Ainsi donc Mme Vallaud-Belkacem « consulte ». Suite au refus d’un certain nombre d’élèves de partager la minute de silence en mémoire de CHARLIE, et parfois même au vu des réactions enthousiastes que la nouvelle de ce massacre a provoquées chez les chers petits apprenants, la ministre a reçu en catastrophe syndicats d’enseignants, syndicats de lycéens et associations de parents d’élèves, afin de «préparer une mobilisation renforcée de l'École pour les valeurs de la République».

 

Bravo, bravissimo. Enfin de l’action ! Comment être contre ? C’est magnifique, c’est citoyen, c’est beau comme l’Antique.

 

En parlant d’Antique, certains esprits chagrins (dont je m’honore de faire partie) pourraient avoir le mauvais goût de rappeler qu’en dix ans trois rapports sur les tensions religieuses à l’École ont déjà fait état de situations similaires, ce qui aurait dû donner l’alerte si on n’avait pas (de peur de faire des vagues, de sembler « stigmatiser », pour reprendre un verbe malheureusement à la mode, des populations trop souvent en difficulté économique, ou de froisser un électorat dont les voix sont précieuses) décidé de ne rien décider et de faire comme si tout allait pour le mieux dans la meilleure des tolérances possibles.

 

Récapitulons :

 

- Dès 2002, on décida de passer à la trappe http://www.lexpress.fr/.../le-rapport-voile_460151.html le rapport Obin sur les signes et manifestations d’appartenance religieuse dans les établissements scolaires

ftp://trf.education.gouv.fr/.../rapports/rapport_obin.pdf

Il fut finalement publié deux ans plus tard aux éditions Max Milo, et sa lecture est édifiante : toutes les dérives auxquelles nous assistons aujourd’hui sont en germe, si je puis oser la métaphore filée incohérente (mais pas plus incohérente que l’absence de volonté politique qui a présidé à l’enterrement de ce document).

 

- En octobre 2011, un rapport de l’Institut Montaigne, sous  l’égide  de l’islamologue Gilles Keppel « Banlieue de la République », et qui demeura absolument sans suite. Il y avait pourtant de quoi faire, si l’on avait voulu.

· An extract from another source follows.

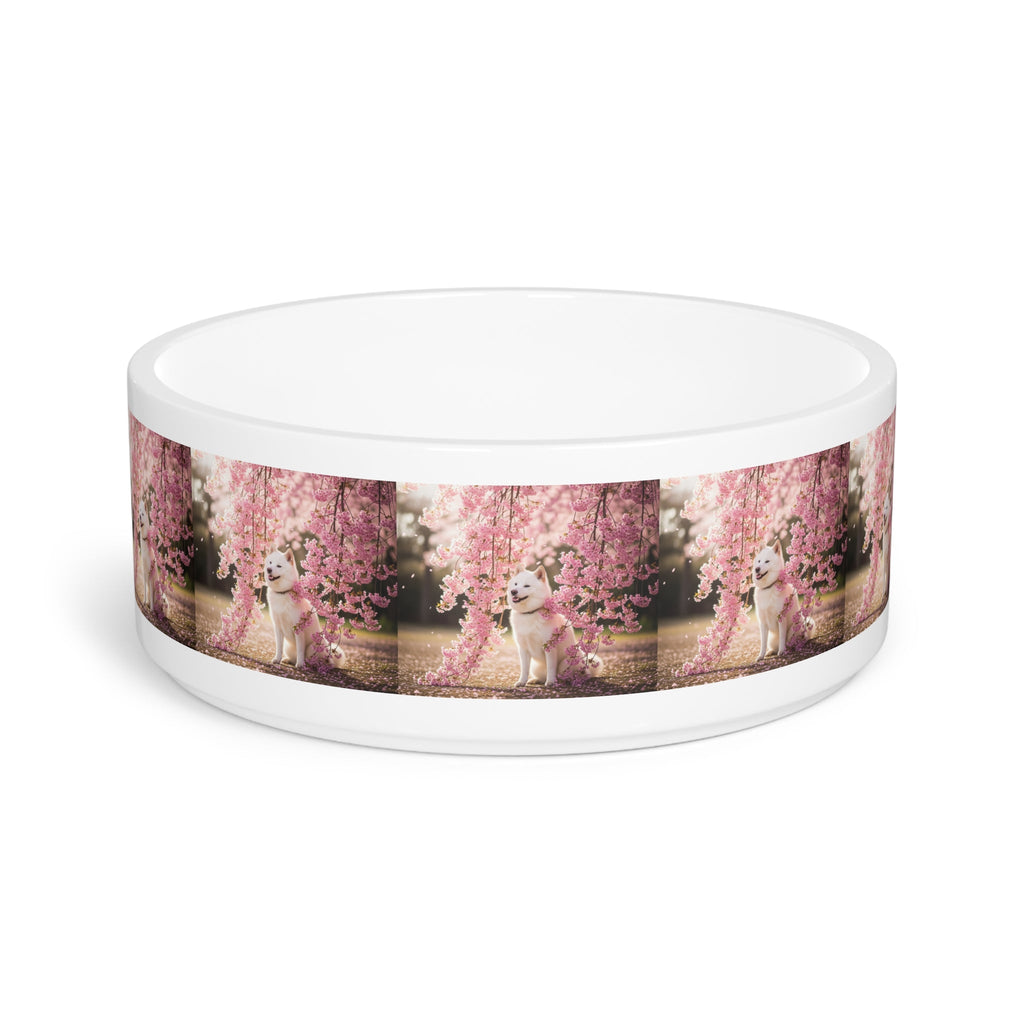 Ceramic Pet Bowl – 16 oz Dog Feeding Bowl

http://www.institutmontaigne.org/fr/publications/banlieue-de-la-republique-0

 

- Et enfin, en 2012, les travaux du HCI (Haut Conseil à l’Intégration) sur la laïcité à l’École et à l’Université http://archives.hci.gouv.fr/IMG/pdf/Pedagogie_de_la_laicite-web.pdf , eux aussi ensevelis sans fleurs ni couronnes par le gouvernement après une polémique sur le voile à l’Université.

 

Le rapport Obin, c’était il y a dix ans, quand on aurait encore PU faire quelque chose, si on avait consenti à regarder la réalité dans toute sa cruelle évidence (vous notez que j’ai résisté à la tentation du « ne pas se voiler la face »...)

 

Mais on a préféré jouer « les Trois Singes Sages ».

 

À présent que le mal est fait, que les « dessinateurs impies » sont aussi morts que les « flics apostats » et les « juifs ennemis », tout est à reconstruire.

 

 

Remettre de la laïcité à l’École et s’en donner les moyens, être intransigeant devant les communautarismes, sanctionner sans pitié tout dérapage raciste, antisémite, islamophobe, sexiste ou homophobe, ne plus tolérer l’étalage d’opinions qui sont en fait des délits … demandez le programme, ce qui suppose en premier lieu de REVENIR SUR LA LOI JOSPIN DE 1989 qui, en accordant le droit d’expression aux élèves, a ouvert un espace, que dis-je un boulevard, propice à tous les dérapages sur lesquels pleurnichent aujourd’hui les mêmes gouvernants qui les ont, par leur refus d’agir, par leur lâcheté politique, par leur aveuglement, objectivement préparés.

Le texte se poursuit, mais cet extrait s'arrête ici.